Heng Sokong, secretary of state at the Ministry of Industry and Handicrafts, said limited access to finance remains one of the top challenges for Cambodian SMEs and urged them to join the Cambodia Securities Exchange (CSX).
“By doing so they will be able to stay competitive as they will gain access to new sources of finance to allow them to expand.
“However, to become a publicly listed company, they first must formalise. They must register with the government and ensure they follow standard accounting practices,” Mr Kong said during a forum on the agri-processing business held Friday.
As outlined in the country’s Industrial Development Policy 2015-2025, the government’s goal is to have at least 80 percent of SMEs officially registered by 2025. At least 50 percent of those firms must follow proper accounting and bookkeeping standards.
“This target is simplistic but important as proper bookkeeping offers a window into a business’ situation and provides accountability to shareholders.

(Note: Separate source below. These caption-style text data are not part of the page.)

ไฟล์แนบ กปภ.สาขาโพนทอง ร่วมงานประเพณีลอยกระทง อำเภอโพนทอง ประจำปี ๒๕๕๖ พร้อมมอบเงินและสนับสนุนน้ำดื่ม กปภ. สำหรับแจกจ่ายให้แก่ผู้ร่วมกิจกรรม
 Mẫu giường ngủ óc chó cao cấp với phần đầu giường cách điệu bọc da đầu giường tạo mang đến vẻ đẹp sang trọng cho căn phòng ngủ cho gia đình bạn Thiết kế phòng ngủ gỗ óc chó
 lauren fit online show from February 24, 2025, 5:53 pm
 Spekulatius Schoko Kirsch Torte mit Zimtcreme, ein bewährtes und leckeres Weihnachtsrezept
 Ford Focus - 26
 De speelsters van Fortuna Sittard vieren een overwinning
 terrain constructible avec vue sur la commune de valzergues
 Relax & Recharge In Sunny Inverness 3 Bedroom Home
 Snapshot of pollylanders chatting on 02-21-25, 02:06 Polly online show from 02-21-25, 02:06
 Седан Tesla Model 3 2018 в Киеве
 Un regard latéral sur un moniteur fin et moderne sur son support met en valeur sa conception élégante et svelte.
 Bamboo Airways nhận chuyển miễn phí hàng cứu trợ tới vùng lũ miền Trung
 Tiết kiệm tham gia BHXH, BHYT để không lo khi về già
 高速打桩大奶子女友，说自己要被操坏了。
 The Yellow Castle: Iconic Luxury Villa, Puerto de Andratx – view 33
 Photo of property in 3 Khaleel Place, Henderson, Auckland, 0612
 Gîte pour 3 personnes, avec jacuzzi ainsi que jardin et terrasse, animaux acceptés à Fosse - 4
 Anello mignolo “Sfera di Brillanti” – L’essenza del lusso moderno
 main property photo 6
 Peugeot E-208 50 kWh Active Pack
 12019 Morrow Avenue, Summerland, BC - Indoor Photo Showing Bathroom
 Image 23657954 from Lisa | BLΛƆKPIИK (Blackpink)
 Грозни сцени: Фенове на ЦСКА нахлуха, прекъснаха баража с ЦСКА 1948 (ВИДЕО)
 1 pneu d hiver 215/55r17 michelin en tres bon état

Firms that keep their accounting books up-to-date will also receive support and incentives from the government, including training and technical assistance,” the country’s Industrial Development Policy says.
“The securities market can serve to mobilise financing for long-term investment,” it notes.
Micro-enterprises are businesses that employ 10 employees or fewer, while SMEs have more than 11.
Mr Sokong said it is important to educate SMEs owners about the benefits of registering with the government. He said Cambodia has about 520,000 SMEs but that just about 150,000 of them are registered manufacturers.
“The SME sector is the backbone of economic growth. If the sector thrives, the country thrives,” he added.
Sok Dara, deputy-director general of the Securities and Exchange Commission of Cambodia (SECC), the capital market regulator, highlighted one of the main challenges in getting businesses to list publicly.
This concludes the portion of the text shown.